The author, lyricist and composer is Leslie Bricusse. And while this is perfectly reasonable seasonal entertainment, it is struck through with mediocre intentions. Good manners and benevolent instincts win the day, which is not exactly Charles Dickens' original point, though not too deviant a suggestion. In his 19th-century Christmas stories Dickens suggested a process of redemption through fear.
Where Bricusse's finally flaccid musical - a 1970 film starring Albert Finney - joins hands with Dickens is in its unapologetic sentimentality. And there are scary bits, as when the appalling grey figure of old Jacob Marley (delightfully camp Barry Howard, he of Hi-De-Hi! fame) materialises behind a closed door, having first appeared like a hologram in the knocker.
The greatest feat of resuscitation, though, is that of Tommy Steele as Scrooge, a grinning hobbledehoy with a completely unconvincing nasty streak.
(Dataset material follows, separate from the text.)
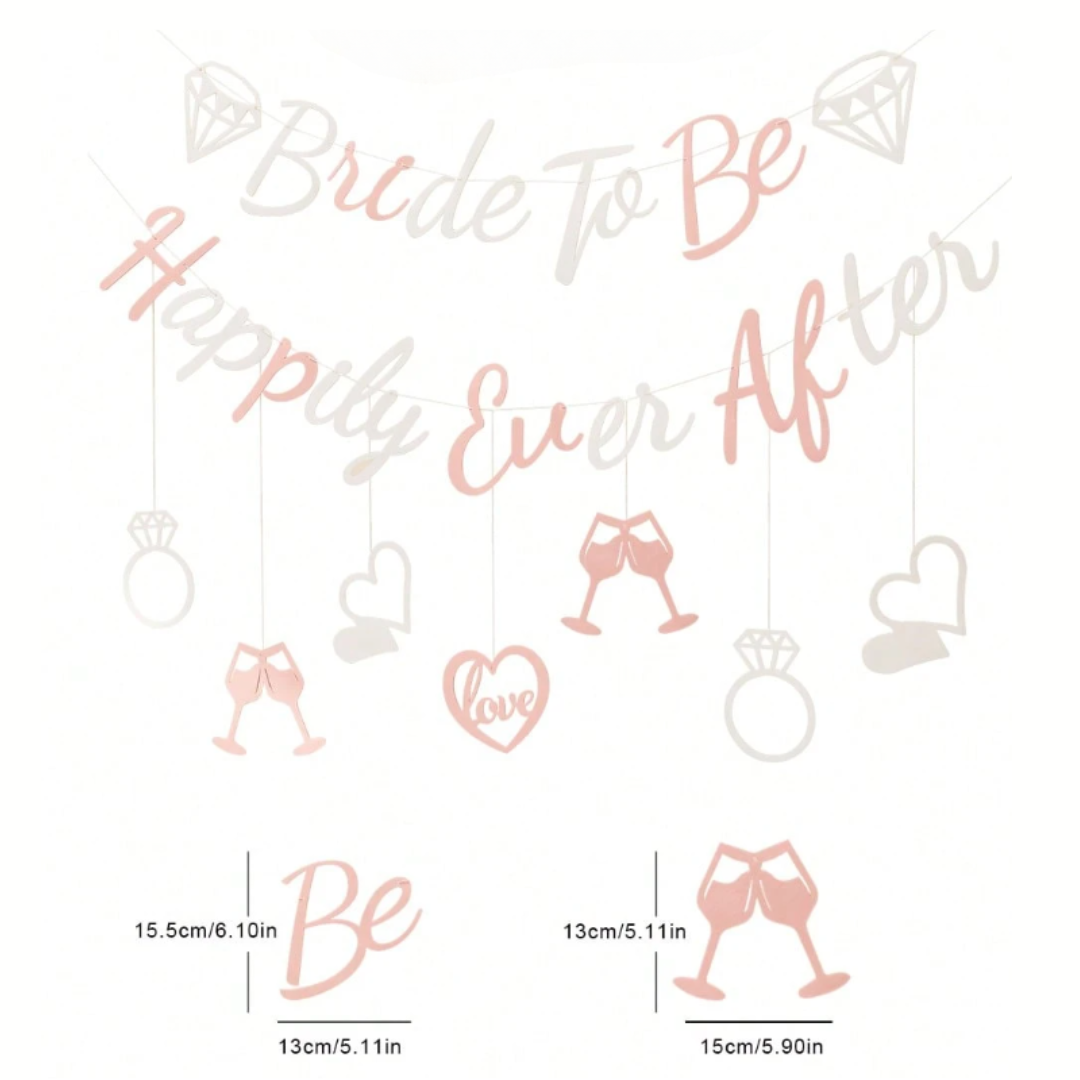 Bride to Be Happily Ever After White and Peach Bride Shower Bunting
Lank-haired and trim as a butcher's dog, Steele reclaims the Palladium stage as of right. He is, after all, the longest-serving headline performer in this hallowed arena and has paid his dues.
Dickens provided the structure for a show with the visitations of the ghosts of Christmases Past, Present and Future - the Present phantom is a wonderfully medieval Bacchus in the shape of James Head - and Bob Thomson's well-worn but efficient and passably spectacular production (simultaneously revived this winter in Bristol and Oxford) is given a real charge of adrenalin by the star and the big, willing cast.
Bricusse writes good theatre music, in that he knows how to move scenes along and touch the dramatic highlight, but none of it really grabs you. That there is nothing more nauseating than a happy family at Christmas may be a sentiment to be applauded, but the vision of the Cratchits, playing down Scrooge's nastiness to them, paid off with a giant turkey, is probably not the happy ending we want or expect nowadays.